→ WHAT THE TASK ASKS
Restate the listing below exactly, images excluded.

*** Begin section ***

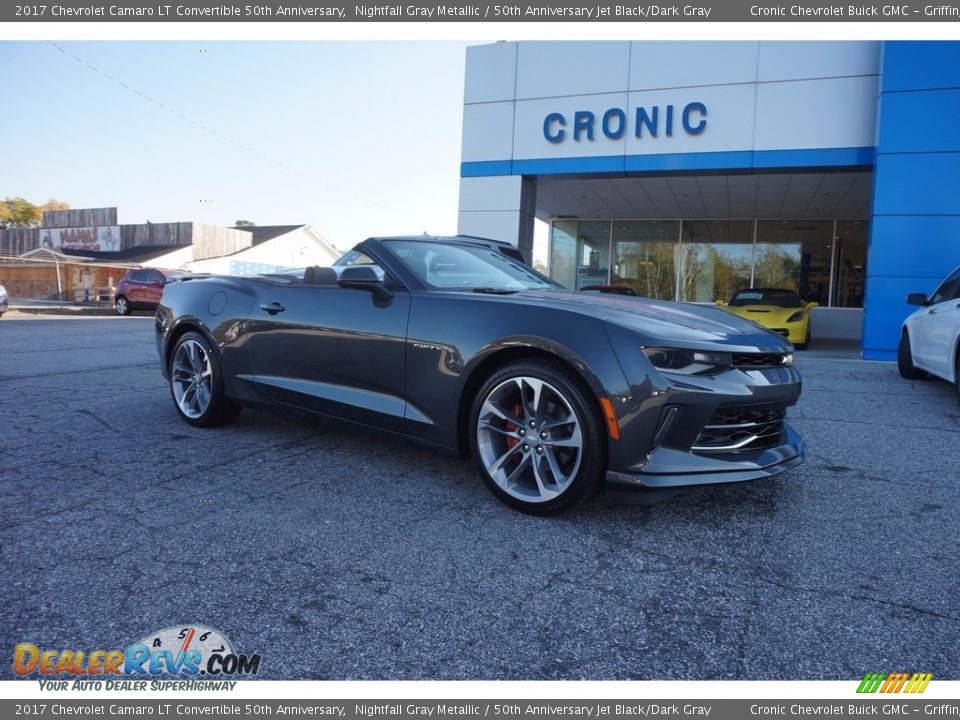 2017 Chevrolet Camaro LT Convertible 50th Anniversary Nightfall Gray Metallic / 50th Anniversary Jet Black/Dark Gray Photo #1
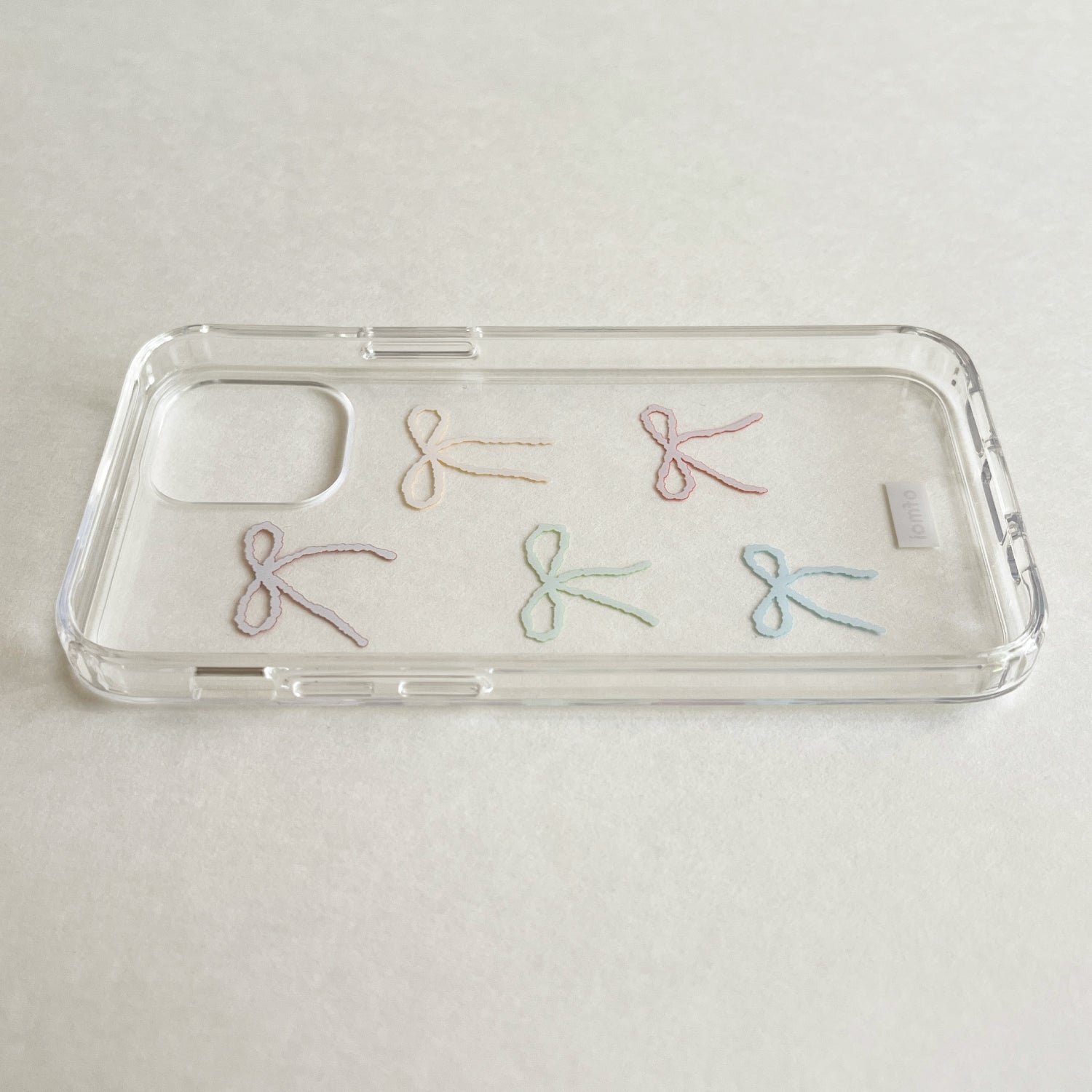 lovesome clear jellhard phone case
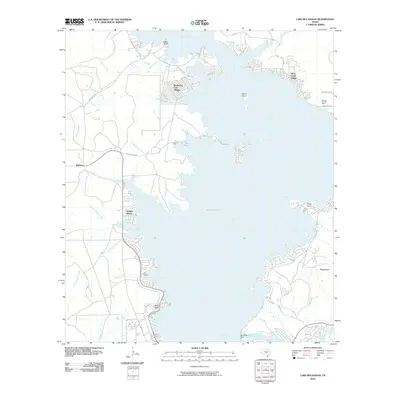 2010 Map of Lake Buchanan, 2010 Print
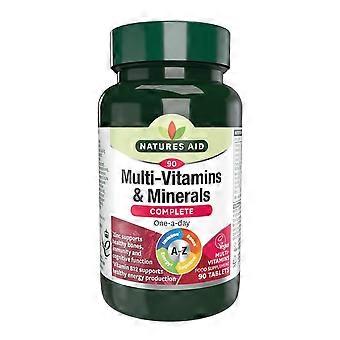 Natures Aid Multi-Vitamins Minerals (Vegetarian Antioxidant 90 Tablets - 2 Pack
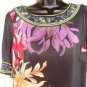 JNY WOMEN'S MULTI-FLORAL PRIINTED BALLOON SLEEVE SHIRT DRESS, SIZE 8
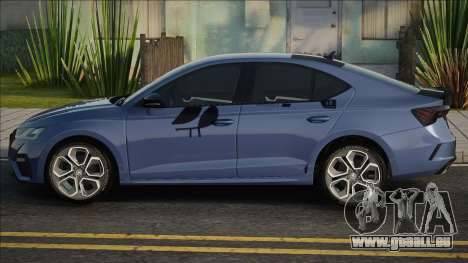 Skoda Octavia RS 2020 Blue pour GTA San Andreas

*** End section ***

→ ANSWER SECTION
 2017 Chevrolet Camaro LT Convertible 50th Anniversary Nightfall Gray Metallic / 50th Anniversary Jet Black/Dark Gray Photo #1
 lovesome clear jellhard phone case
 2010 Map of Lake Buchanan, 2010 Print
 Natures Aid Multi-Vitamins Minerals (Vegetarian Antioxidant 90 Tablets - 2 Pack
 JNY WOMEN'S MULTI-FLORAL PRIINTED BALLOON SLEEVE SHIRT DRESS, SIZE 8
 Skoda Octavia RS 2020 Blue pour GTA San Andreas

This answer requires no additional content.